3.1.1. Key Ideas#

Sample space : The sample space is the set of all possible outcomes of an experiment. For example, if we toss a coin, the sample space is {heads, tails}.

Event : An event is a subset of the sample space. For example, if we toss a coin, the event “getting heads” is the subset {heads}.

Probability measure : The probability measure assigns a probability value between 0 and 1 to each event. The probability of an event is a measure of the likelihood of the event occurring. The sum of probabilities of all events in the sample space is 1.

Probability axioms : The probability measure is defined by three axioms: non-negativity, additivity, and normalization. Non-negativity states that the probability of any event is non-negative. Additivity states that the probability of the union of two disjoint events is the sum of their probabilities. Normalization states that the probability of the sample space is 1.

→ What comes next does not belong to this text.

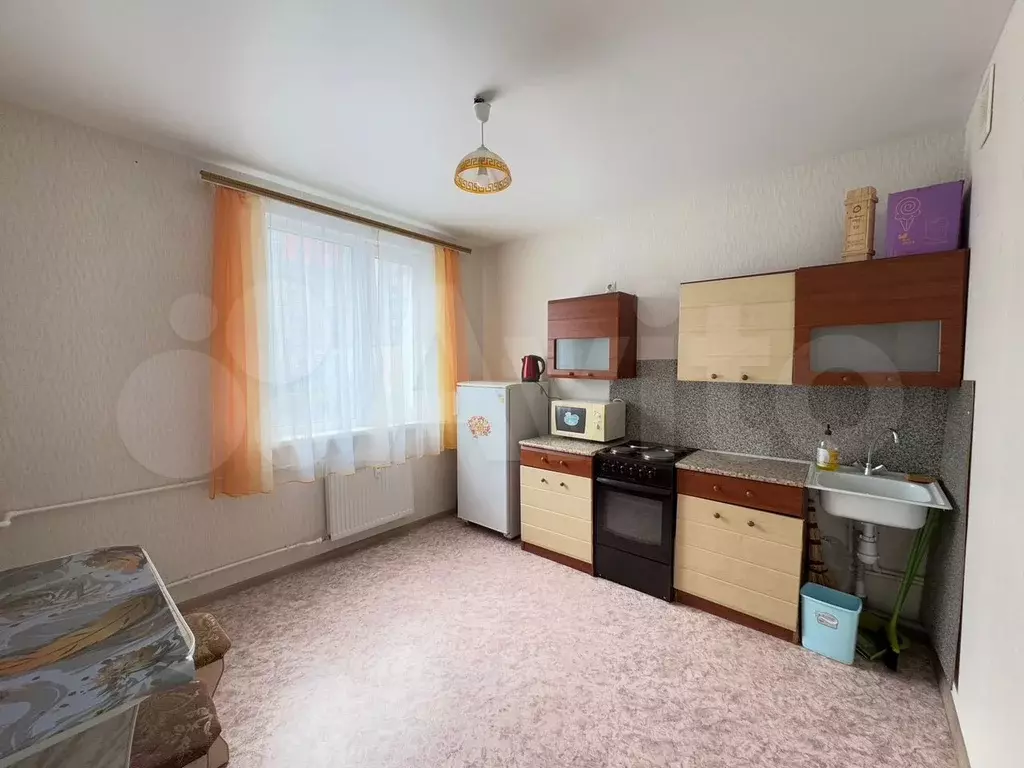 1-к. квартира, 40 м, 3/25 эт. - Фото 1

Conditional probability : The conditional probability of an event A given an event B is the probability that event A occurs, given that event B has occurred. It is denoted by P(A|B) and is defined as:

P(A|B) = P(A and B) / P(B)

Bayes’ theorem : Bayes’ theorem is a formula that describes the probability of an event, based on prior knowledge of conditions that might be related to the event. It is often used in statistical inference and machine learning.

Random variables : A random variable is a variable that takes on different values depending on the outcome of a random event. For example, if we toss a coin, the random variable X could be defined as follows:

X = 1 if heads X = 0 if tails

Probability distribution : The probability distribution of a random variable is a function that assigns a probability value to each possible value of the variable. The distribution is characterized by its mean, variance, and other statistical properties.

Expected value : The expected value of a random variable is the weighted average of its possible values, weighted by their respective probabilities. It is denoted by E(X) and is defined as:

E(X) = sum of x P(X=x) where the sum is taken over all possible values x of X.